# Suffolk coastal path



## BigMoaner (Mar 18, 2016)

mate and me are going for a days walking, and want to choose the best part of the suffolk coast to walk for a day, maybe even a couple of days. Nothing too bleak or boring.

Would this be as good as any?

Suffolk Coast Path Walking Route

Cheers


----------



## marty21 (Mar 18, 2016)

Should be great , I have been up in that area regularly ,Minsmere RSPB reserve is beautiful , as is Dunwich Heath/Forest .


----------



## BigMoaner (Mar 18, 2016)

nice 1, thank you. just want a bit of wilderness and a bit of variety.

if anyone can say we'd definitely be missing out on a better bit of that coast for a 1 to 2 day walk, please speak up.


----------



## Pickman's model (Mar 18, 2016)

marty21 said:


> Should be great , I have been up in that area regularly ,Minsmere RSPB reserve is beautiful , as is Dunwich Heath/Forest .


home of the original dunwich horror?


----------



## bi0boy (Mar 18, 2016)

This has you go inland at Benacre but I would walk along the beach from Kessingland to Covehithe (the Benacre to to Covehithe stretch might be impassable for an hour or so at high tide).
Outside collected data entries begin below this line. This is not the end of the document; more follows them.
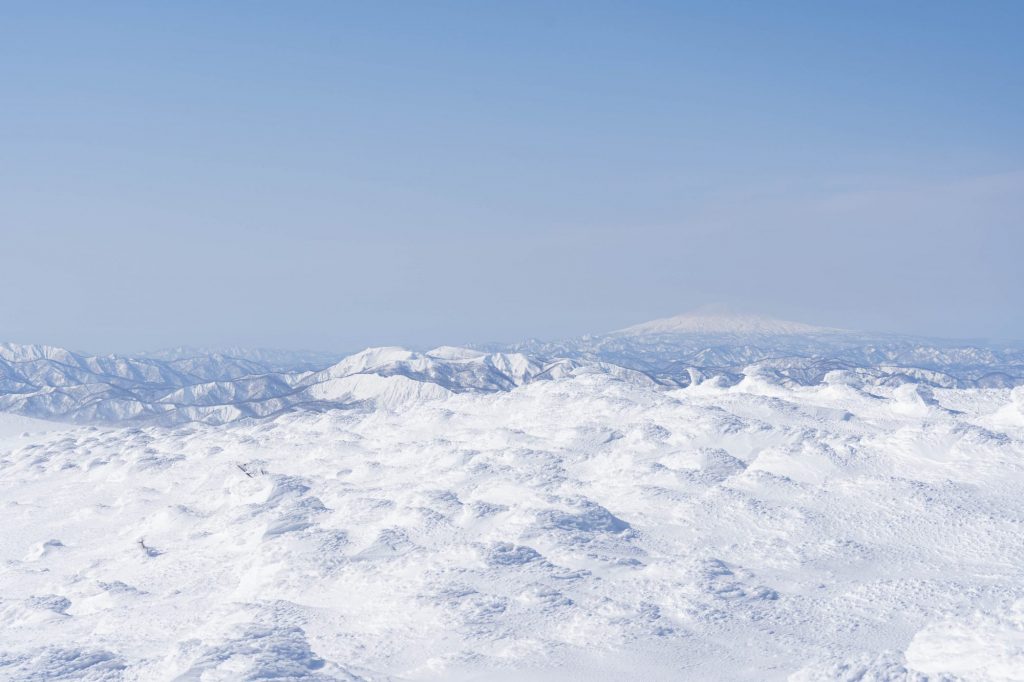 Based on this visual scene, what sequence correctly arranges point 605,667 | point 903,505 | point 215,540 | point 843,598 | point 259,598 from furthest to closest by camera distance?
1. point 215,540
2. point 903,505
3. point 259,598
4. point 843,598
5. point 605,667

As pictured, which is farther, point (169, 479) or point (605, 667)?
point (169, 479)

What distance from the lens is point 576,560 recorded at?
7194cm

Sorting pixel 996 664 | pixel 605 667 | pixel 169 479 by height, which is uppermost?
pixel 996 664

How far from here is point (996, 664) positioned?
4528 cm

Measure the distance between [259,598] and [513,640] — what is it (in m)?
24.8

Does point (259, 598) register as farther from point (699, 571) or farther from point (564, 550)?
point (699, 571)

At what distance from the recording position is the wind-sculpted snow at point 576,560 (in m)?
55.3

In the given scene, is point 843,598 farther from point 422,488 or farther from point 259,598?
point 422,488

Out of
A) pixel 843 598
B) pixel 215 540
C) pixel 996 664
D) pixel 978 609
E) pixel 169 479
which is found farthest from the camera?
pixel 169 479

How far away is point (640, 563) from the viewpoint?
71.6m

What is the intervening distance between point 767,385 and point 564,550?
337 ft

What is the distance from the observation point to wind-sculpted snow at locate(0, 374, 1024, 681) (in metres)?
55.3

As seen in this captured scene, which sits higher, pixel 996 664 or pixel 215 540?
pixel 996 664

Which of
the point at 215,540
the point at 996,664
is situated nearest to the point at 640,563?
the point at 996,664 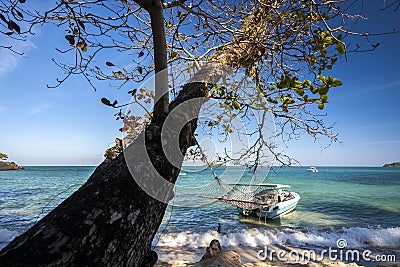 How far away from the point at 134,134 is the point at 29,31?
41.0 inches

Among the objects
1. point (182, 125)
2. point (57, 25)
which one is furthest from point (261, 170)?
point (57, 25)

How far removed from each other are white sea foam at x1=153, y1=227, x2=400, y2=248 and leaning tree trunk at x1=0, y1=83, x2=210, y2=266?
9.55 meters

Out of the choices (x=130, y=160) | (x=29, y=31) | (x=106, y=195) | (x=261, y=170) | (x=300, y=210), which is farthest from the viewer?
(x=300, y=210)

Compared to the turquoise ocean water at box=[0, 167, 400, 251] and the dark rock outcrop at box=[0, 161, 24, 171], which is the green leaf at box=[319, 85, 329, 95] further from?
the dark rock outcrop at box=[0, 161, 24, 171]

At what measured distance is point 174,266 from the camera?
21.7ft

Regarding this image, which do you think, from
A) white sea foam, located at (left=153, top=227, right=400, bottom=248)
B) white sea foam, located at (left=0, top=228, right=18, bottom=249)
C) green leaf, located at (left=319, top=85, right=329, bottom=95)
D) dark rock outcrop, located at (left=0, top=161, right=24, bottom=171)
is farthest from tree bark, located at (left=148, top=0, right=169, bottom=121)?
dark rock outcrop, located at (left=0, top=161, right=24, bottom=171)

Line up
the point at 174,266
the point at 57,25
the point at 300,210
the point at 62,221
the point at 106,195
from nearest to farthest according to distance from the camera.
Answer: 1. the point at 62,221
2. the point at 106,195
3. the point at 57,25
4. the point at 174,266
5. the point at 300,210

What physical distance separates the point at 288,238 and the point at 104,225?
444 inches

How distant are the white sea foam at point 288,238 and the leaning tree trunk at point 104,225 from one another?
9.55 m

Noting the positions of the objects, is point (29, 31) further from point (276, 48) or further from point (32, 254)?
point (276, 48)

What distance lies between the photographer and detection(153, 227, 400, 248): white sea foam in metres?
9.93

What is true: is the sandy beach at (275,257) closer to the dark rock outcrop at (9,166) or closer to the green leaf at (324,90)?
the green leaf at (324,90)

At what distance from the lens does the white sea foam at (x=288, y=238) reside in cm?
993

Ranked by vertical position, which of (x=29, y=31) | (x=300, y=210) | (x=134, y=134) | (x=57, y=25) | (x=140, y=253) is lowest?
(x=300, y=210) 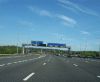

This stretch of coast experiences the fastest coastal erosion rate in Europe and there are loads of trees, bricks, bits of road etc on the beach which is quite interesting. Check out the church within a church at Covehithe and the road which used to lead to the main part of the village and which now just ends in a cliff. Dunwich used to be one of the ten largest cities in England but most of it is now in the sea. Dunwich heath is nice - all the gorse is out now and is quit fragrant. Good views of Sizewell B from there which you can then walk right past.


----------



## peterkro (Mar 18, 2016)

Used to live in Leiston for a bit,all the way from Aldeburgh to Southwold is good but as others have Minsmere, Dunwich is the more bleak,wildish bit.


----------



## craigxcraig (Mar 18, 2016)

Looks a great walk - ive four days coming up so might well do this myself  #subscribes to thread


----------



## marty21 (Mar 18, 2016)

bi0boy said:


> This has you go inland at Benacre but I would walk along the beach from Kessingland to Covehithe (the Benacre to to Covehithe stretch might be impassable for an hour or so at high tide). This stretch of coast experiences the fastest coastal erosion rate in Europe and there are loads of trees, bricks, bits of road etc on the beach which is quite interesting. Check out the church within a church at Covehithe and the road which used to lead to the main part of the village and which now just ends in a cliff. Dunwich used to be one of the ten largest cities in England but most of it is now in the sea. Dunwich heath is nice - all the gorse is out now and is quit fragrant. Good views of Sizewell B from there which you can then walk right past.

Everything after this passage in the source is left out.